Gold prices continue to remain strong. And they may even head a bit higher in the near term.
But we could see a bit of consolidation and horizontal trading in the gold market over the next few weeks, which could present some very interesting opportunities for investors in the junior mining market.
The price of gold soared following the U.S. Federal Reserve’s interest rate hike back in December 2015. But the fast run-up was followed by a period of consolidation and generally horizontal prices that last a few weeks.
The gold and mining markets were again launched higher beginning in June. And a series of events — beginning with disappointing U.S. employment numbers on June 3rd and continuing with a dovish FOMC meeting, Brexit, the tragedy in Dallas, and the Italian bank scare — has now given gold prices a solid foundation over $1,300 an ounce.
Up next, the Fed’s July FOMC meeting on the 26th and 27th will be in focus. Traders are currently putting a 0% probability of any interest rate movement at the July meeting.

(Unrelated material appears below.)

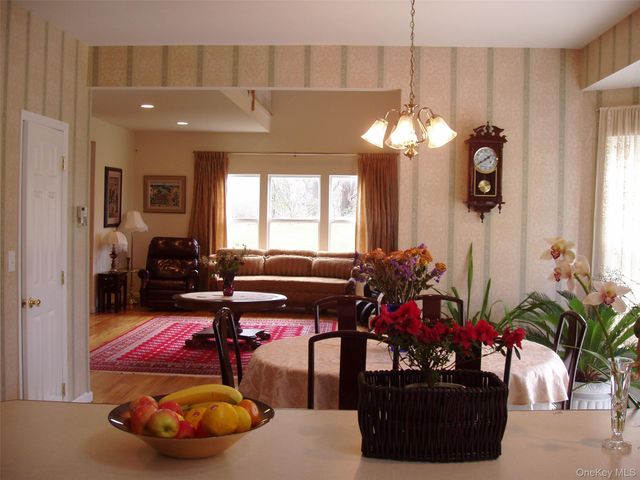 3 Heidi Lane, Mount Sinai, NY 11766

And there could be a bit of continued strength in gold prices in the days ahead of that meeting — which I think could move the yellow metal as high as $1,380 an ounce.
But following the Fed’s FOMC meeting (and excluding any unforeseen major world events), I expect to see another brief period of consolidation and generally horizontal prices similar to the one beginning in March.

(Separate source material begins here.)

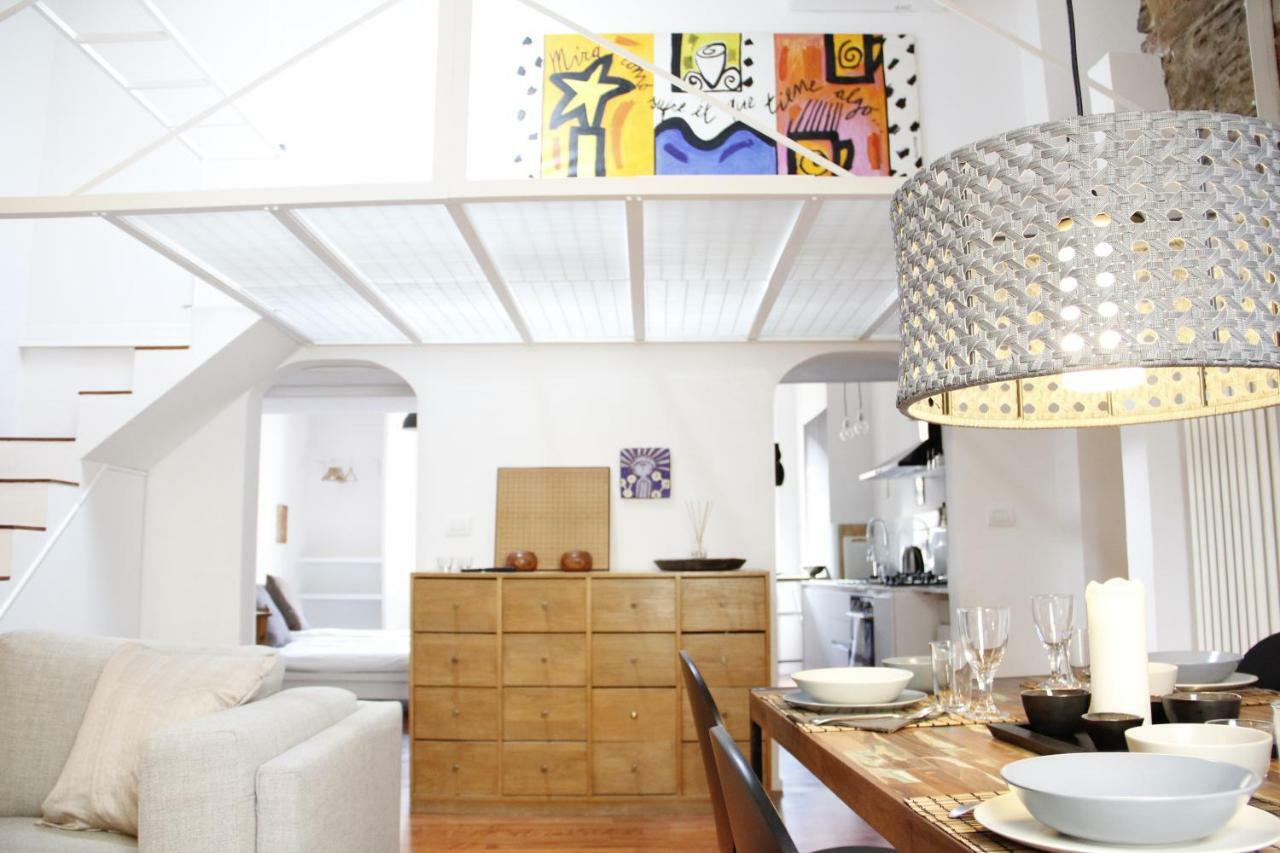 Art Apartment Velluti Firenze Eksteriør billede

I expect gold prices will meet strong resistance at $1,380/oz due to profit-taking. Although it’s more difficult to predict gold’s downside.
Currently gold is sitting at about $1,325 an ounce. So nearing $1,300/oz, gold will find pretty good support in the near term. Anywhere under $1,300, and I believe the yellow metal will find great support. But I don’t think we’ll see gold below $1,275/oz in the foreseeable future.

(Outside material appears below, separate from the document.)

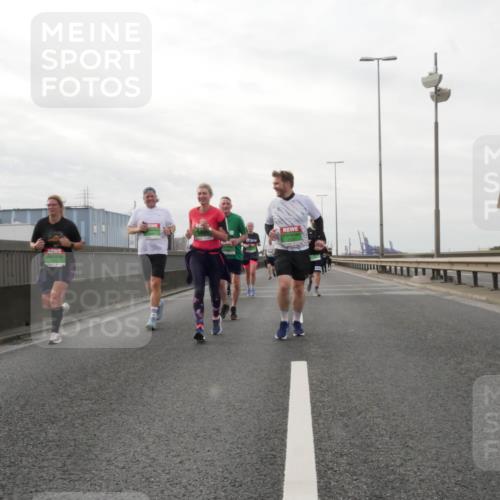 03.10.2025 - Köhlbrandbrückenlauf Matties Gatica Varas http://msf.ph/oto/9190507 03.10.2025 16:02:34 Position 3  meine-sportfotos.de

I think we can generally expect to see gold prices range in the $1,325/oz to $1,350/oz area following the Fed’s FOMC meeting later this month.
Looking ahead a bit further, though, there are still a number of things that could easily be a catalyst to push gold prices to $1,500/oz by the end of the year.
An interest rate cut from the Fed, another bank or currency disaster in a major European country, the change in Sharia law that will allow 1.6 billion Muslims around the world to directly invest in gold bullion, or any number of unforeseen events… any one of these could send gold prices much higher than they are today.
So I think we should use any consolidation in the gold market to add positions in our portfolios. Specifically, there are opportunities presenting themselves to investors in the junior gold and mining markets right now that most people are overlooking.
Back in May, I wrote to you about a significant uptick in the amount of private placements in junior mineral companies that occurred during the first quarter of the year.
There was actually so much private placement money flowing into junior mining that I simply couldn’t keep up with it all. And when I wrote to you, I could only estimate that the junior mining market had raised roughly $200 million through private placement in the previous 10 weeks alone.
Now, all of these private placement units were issued with the standard hold period of four months.
And that means all those private placement units that were issued during the first quarter of the year are now (or will soon become) freely traded shares. This will likely lead to (and most likely already has) significant profit-taking from certain companies.
What’s more, many of the private placement deals that were offered during the first quarter had a significant difference from those offered in past markets.
The vast majority of junior mining private placement units used to come with one-half of an exercisable warrant. That means if you purchased 50,000 units of the private placement, you also had the right to exercise an additional 25,000 shares of stock later on at a fixed price.
However, many of the recent private placements offered during the first quarter came with a full warrant with each unit. In other words, if you purchased 50,000 units of the private placement, you also had the right to exercise an additional 50,000 shares later on at a fixed price.
And that means some junior mining companies are now (or will soon become) diluted with new shares.
I expect that this dilution, along with the influx of those newly unrestricted private placement shares, will put extra downward pressure on the junior mining market in the near term. And we should be buyers while that extra downward pressure is on.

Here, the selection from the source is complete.